As college students marched in Sacramento’s streets to protest proposed state cuts to higher education budgets, the UC Academic Senate faculty through their Academic Council representatives urged the University’s top leaders to publicly oppose the cuts.
In an April 8 letter to UC President Robert Dynes, Academic Council Chair Michael Brown warned that failure to halt “yet another reduction to the current level of resources” allocated UC students could end up limiting enrollments as well as burdening this fall’s students with fees estimated to be as high as $10,500.
Speaking for the council and its Committee on Planning and Budget, whose report he cited, Brown, a UCSB professor of education, called on Dynes to “disclose the true level of fees required to fund the Regents’ Fall 2007 proposed budget.” In addition, the president and the Regents should publicly commit to “a minimum cost of instruction no lower than the current, already-reduced 2007-08 level,” and to take “the necessary steps” to sustain this cost level for each UC student, adjusted annually for increases.
The urgency of the council’s recommendations is based, in large part, on findings contained in “The Cuts Report,” an analysis of what a 10 percent reduction in UC state funding means to the system by the council’s budget and planning committee, led by Christopher Newfield, UCSB professor of English.

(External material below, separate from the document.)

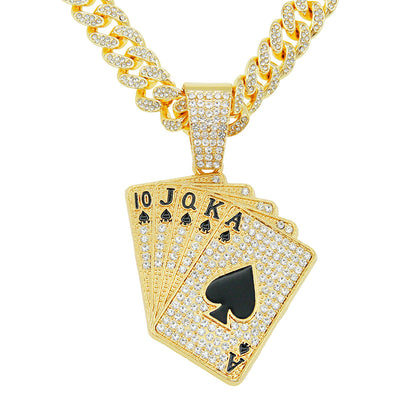 Pendentif Poker incrusté de diamants Collier Accessoires Pendentif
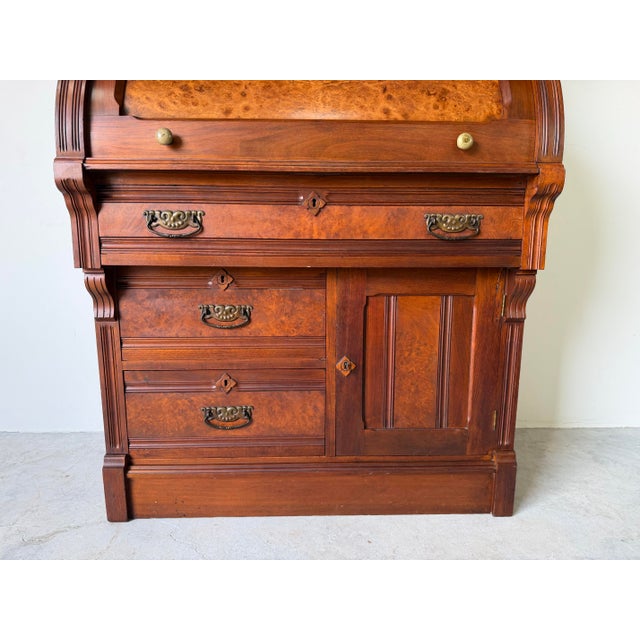Antique Eastlake Victorian Carved Mahogany Secretary Bookcase With Burl Wood Roll-Top Desk For Sale - Image 4 of 12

The report and Brown’s letter can be found online at <http://www.universityofcalifornia.edu/senate/welcome.html> where they are listed as “Cuts Report.”
Among the report’s key findings are that, should the cuts be enacted into law, Gov. Schwartzenegger’s proposal would chop UC’s budget by “the same size as the 2003-04 cut to UC’s General Fund share ($410 million), more than four times large than UC Merced’s total budget…” This is despite the governor’s compliance with the compact with higher education systems.
Should this size of cut come to pass, the report’s authors found that the gap between the Regents’ proposed 2008-09 budget and the governor’s “will require a first-year increase in (student) fees of 45 percent.” Education and registration fees would rise from an average of $6,636 to $9,636; around $10,500 with campus fees, they wrote. And the 2008-09 cut is “unlikely to be a one-time event.”
Besides blocking “every one of the Regents’ and the faculty’s priorities,” the cuts would “accelerate the redefinition of the University of California away from a public university toward a ‘public-private partnership’,” the report concludes. Under this scenario, even obtaining large private sponsorships and donations would not prevent rising future student fees. “The University becomes quasi-private or poor—or perhaps both at once,” it adds.